- **Work request**
Exact copy, pictures omitted: the line holding "Без врага жизнь" and every line after it down to the end of the entries.

──────────

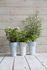 Pot de fleurs Slim / Ovale - Coupelle intégrée - Pa Design
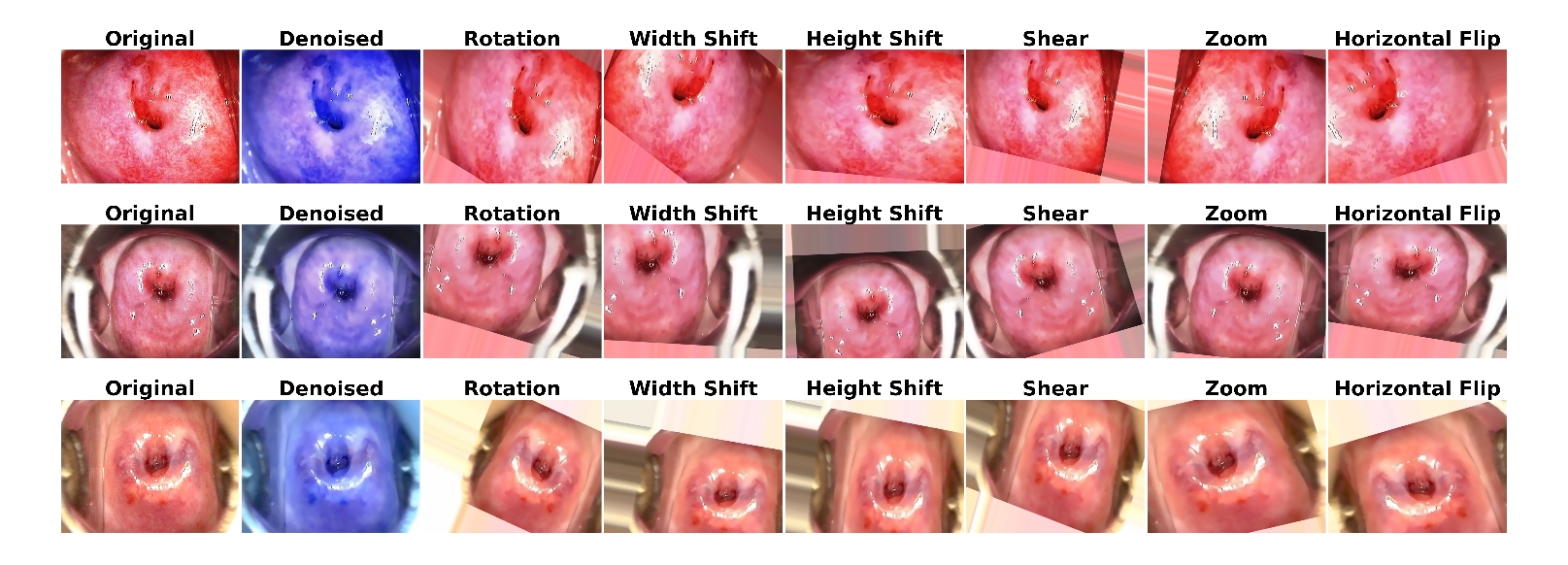Preprints 141434 g005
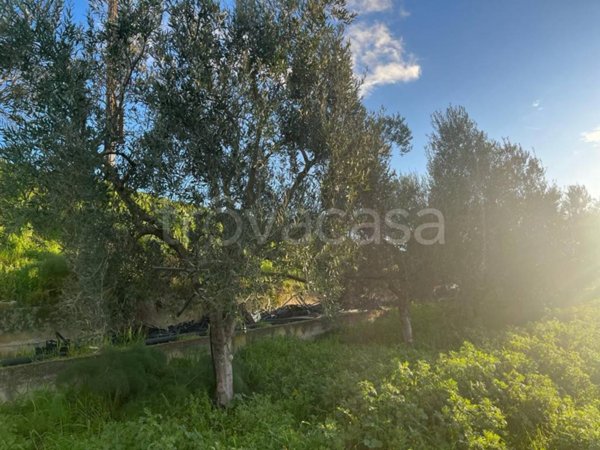 terreno agricolo in vendita a Cerignola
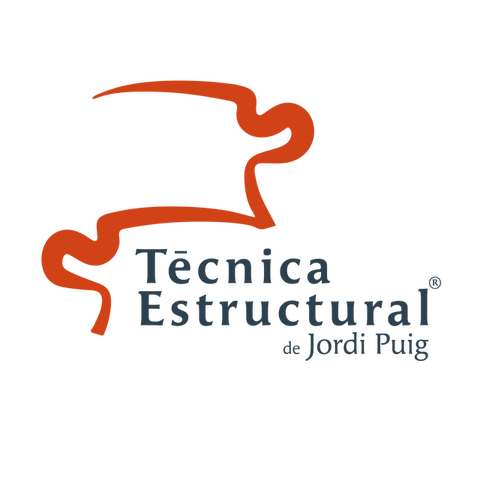 Técnica Estructural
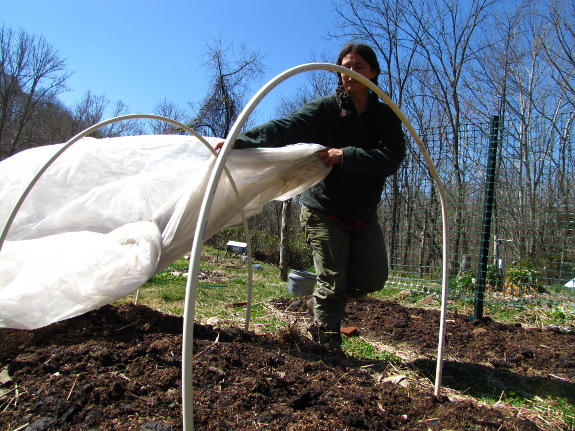 Erecting quick hoops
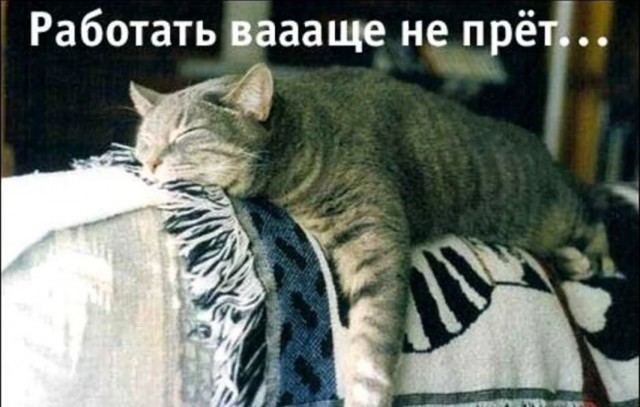 Без врага жизнь скучна, а с врагом - интересна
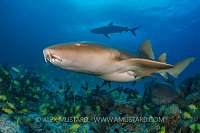 Nurse Shark Over Reef. Bahamas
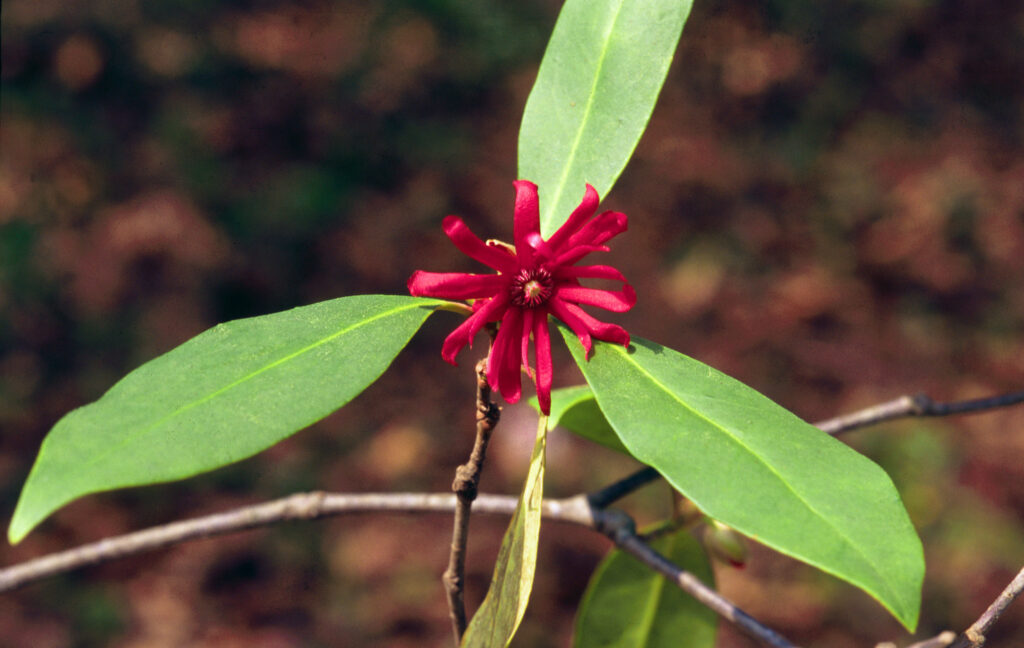 Badyáník pravý 17 Illicium floridanum
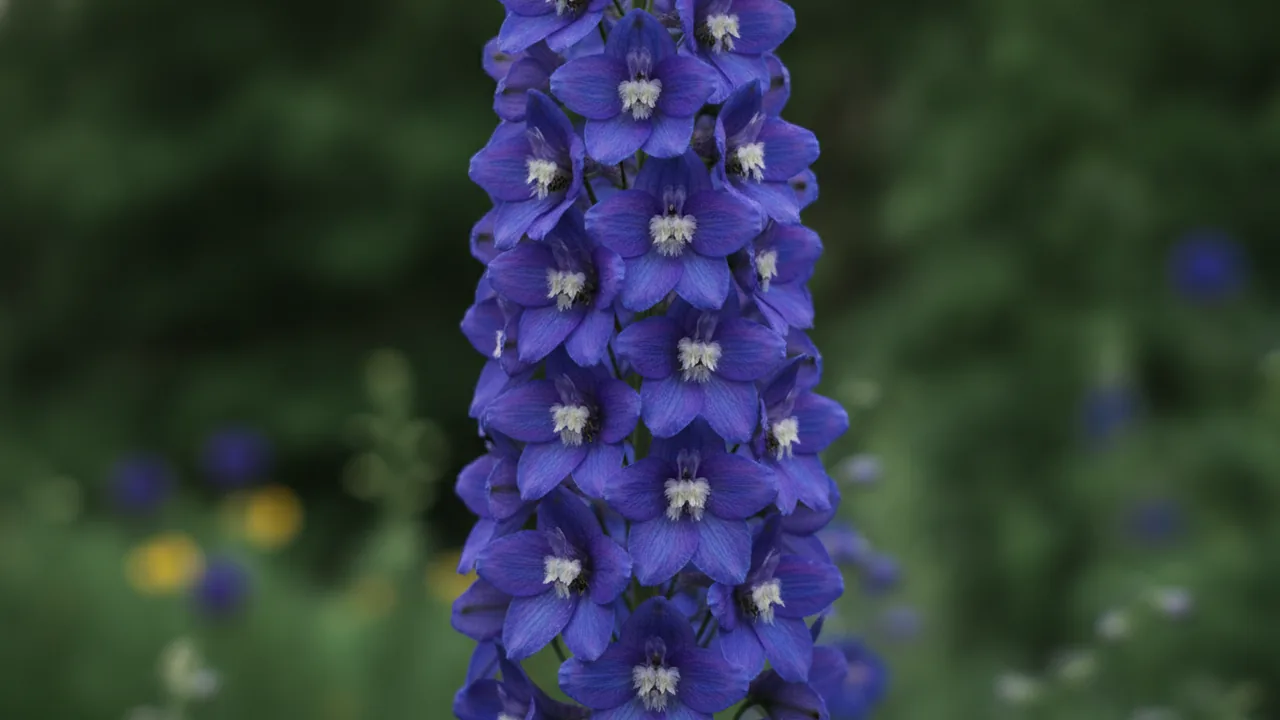 Larkspur (Consolida) - purple flowers, illustrated plant card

──────────

- **Solution to the problem**
 Без врага жизнь скучна, а с врагом - интересна
 Nurse Shark Over Reef. Bahamas
 Badyáník pravý 17 Illicium floridanum
 Larkspur (Consolida) - purple flowers, illustrated plant card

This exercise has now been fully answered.